■ What is required
After finding "When you hear" in the data, write out its line and all following lines without change, up to and including the last one. Leave out pictures.

■ Information supplied

((

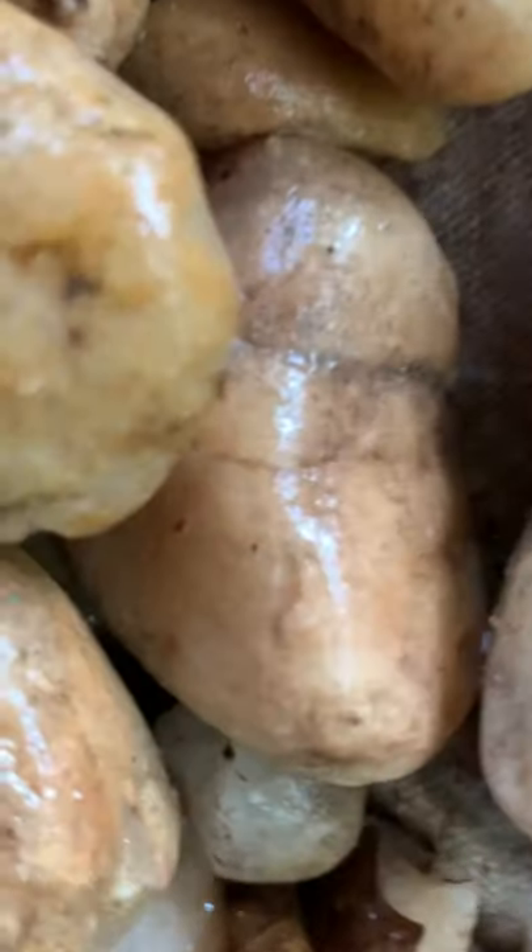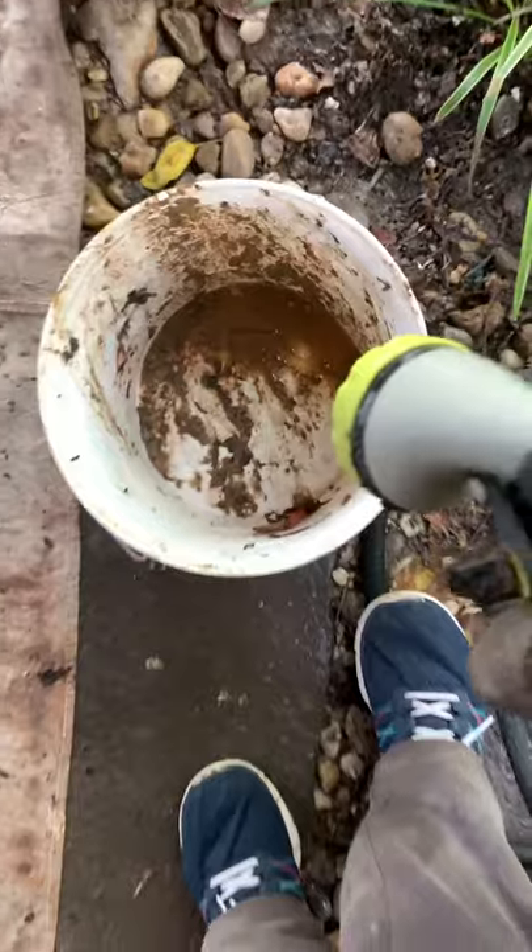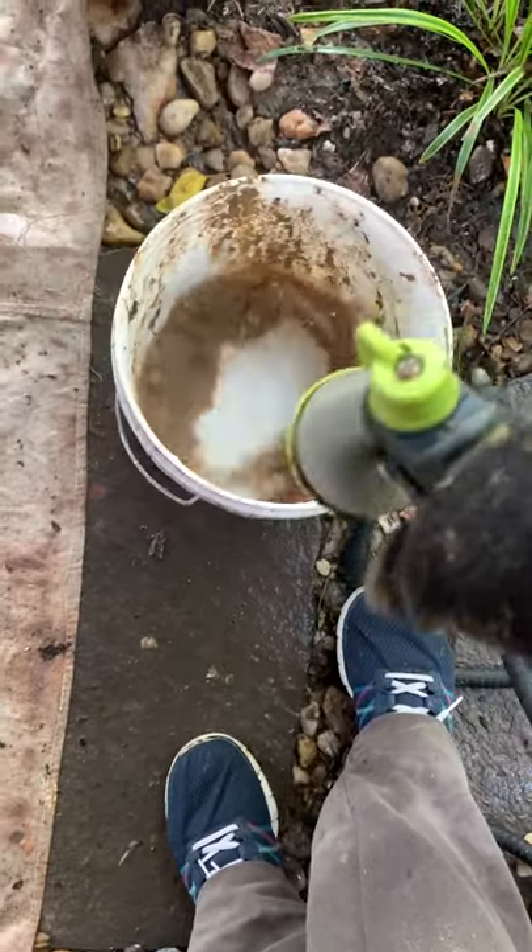Then I took the rocks I had rinsed off in the bucket and rinsed them off again, and I know they look the same, but look at all this dirt. There was a ton of dirt on the tarp as well.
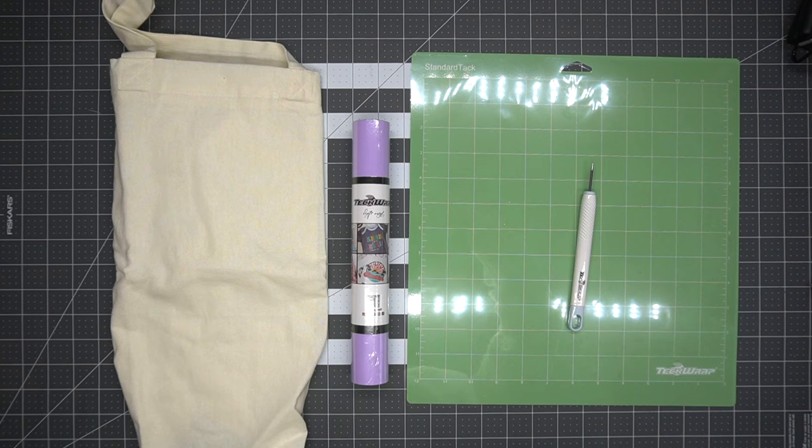Hi everyone, and welcome back to another crafting video. In today's video we're going to learn how to make an Easter tote bag. An Easter tote bag is a great alternative for those who still like to have Easter baskets but find that older kids are no longer into traditional Easter baskets. This bag is perfect for everyday use and you can even customize it with their names or a monogram of their initials. Let's get started on the materials.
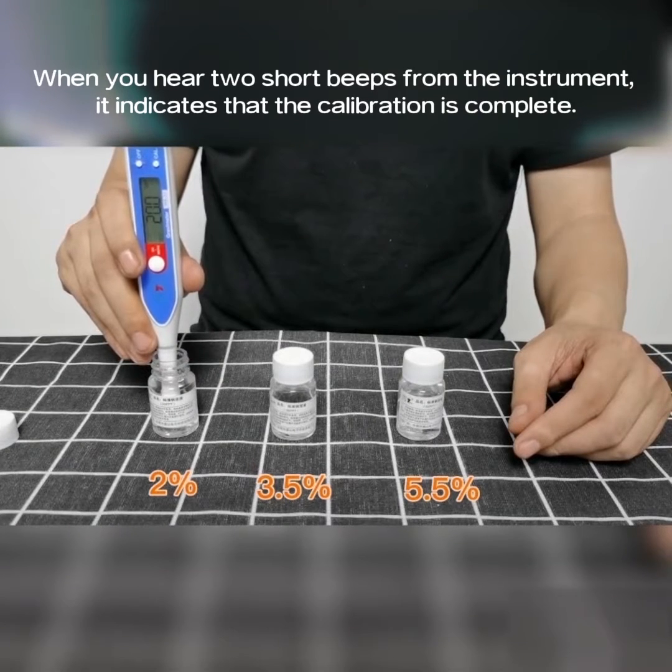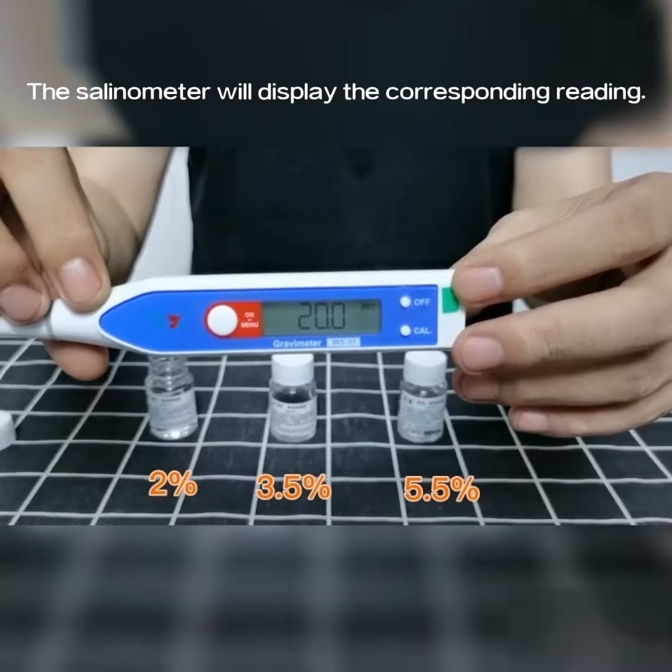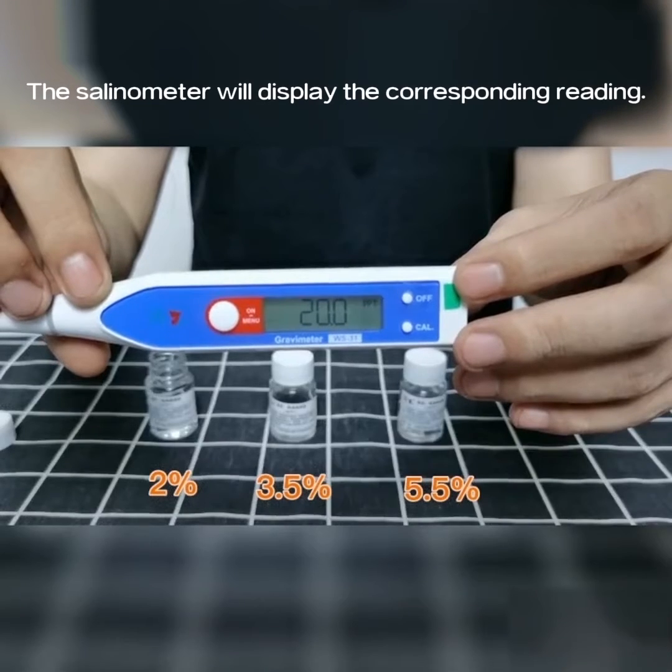When you hear two short beeps from the instrument, it indicates that the calibration is complete. The selenometer will display the corresponding reading.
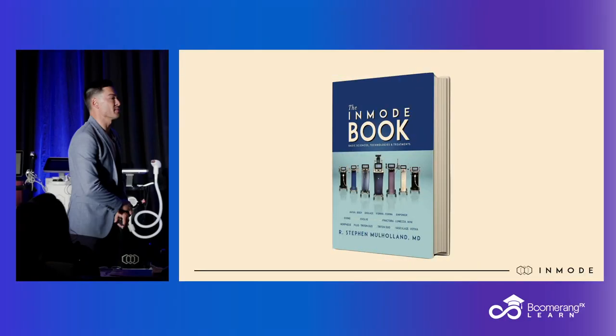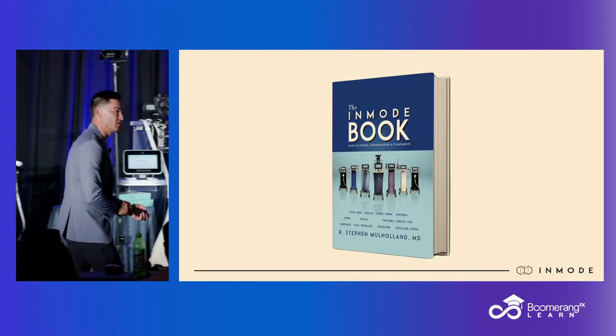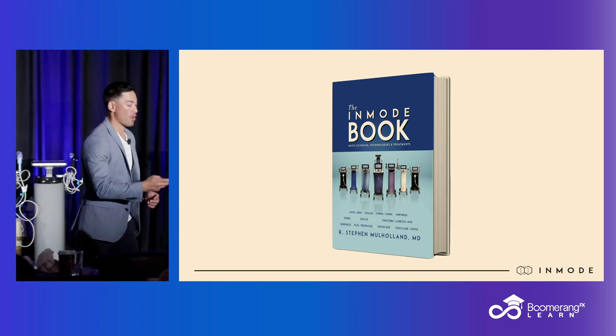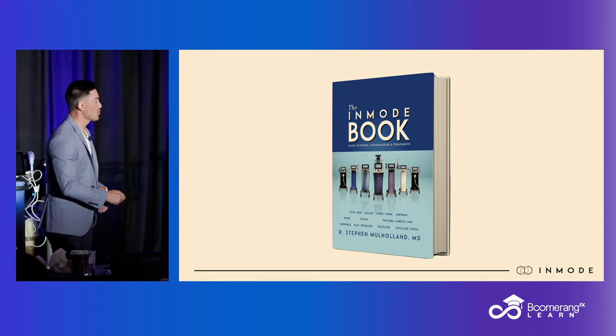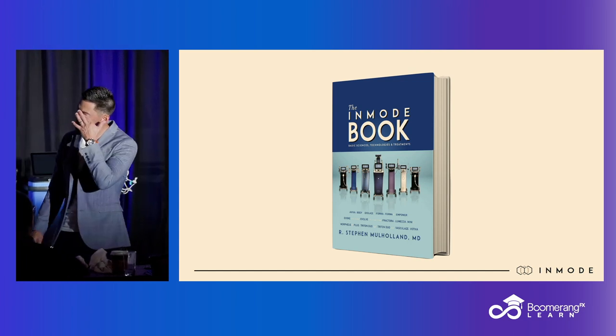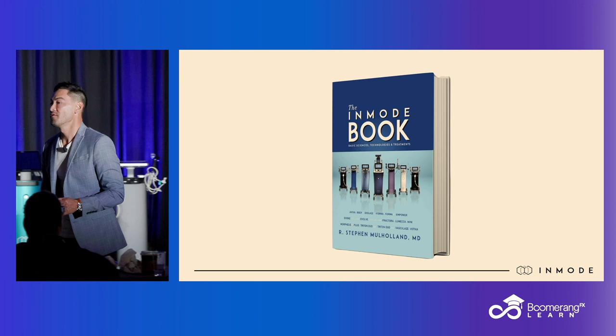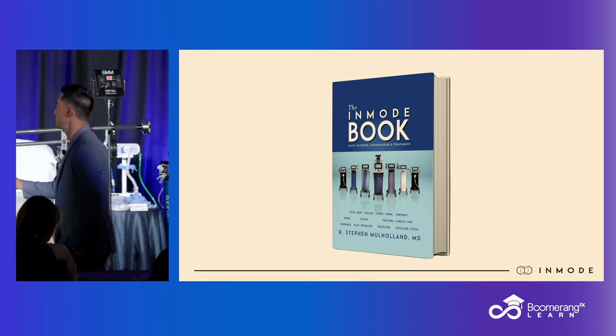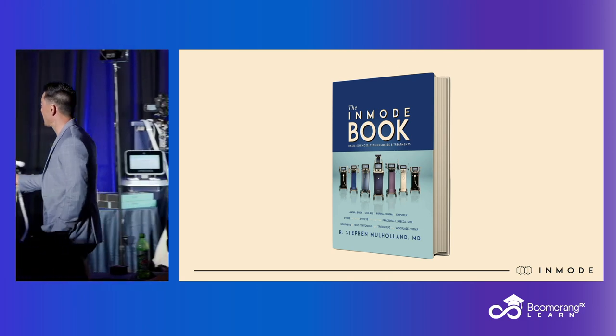It's very, very important — if you guys need some extra help and you want to delve into the weeds and need more clinical applications, a lot of the RF can be found in the in-mode book. Out here, go to the left, go to the boomerang table. We have an in-mode book that discusses the foundational principles of the RF that I don't have time to get into today. This device is found in the in-mode book.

))

■ Completed exercise
When you hear two short beeps from the instrument, it indicates that the calibration is complete. The selenometer will display the corresponding reading.
It's very, very important — if you guys need some extra help and you want to delve into the weeds and need more clinical applications, a lot of the RF can be found in the in-mode book. Out here, go to the left, go to the boomerang table. We have an in-mode book that discusses the foundational principles of the RF that I don't have time to get into today. This device is found in the in-mode book.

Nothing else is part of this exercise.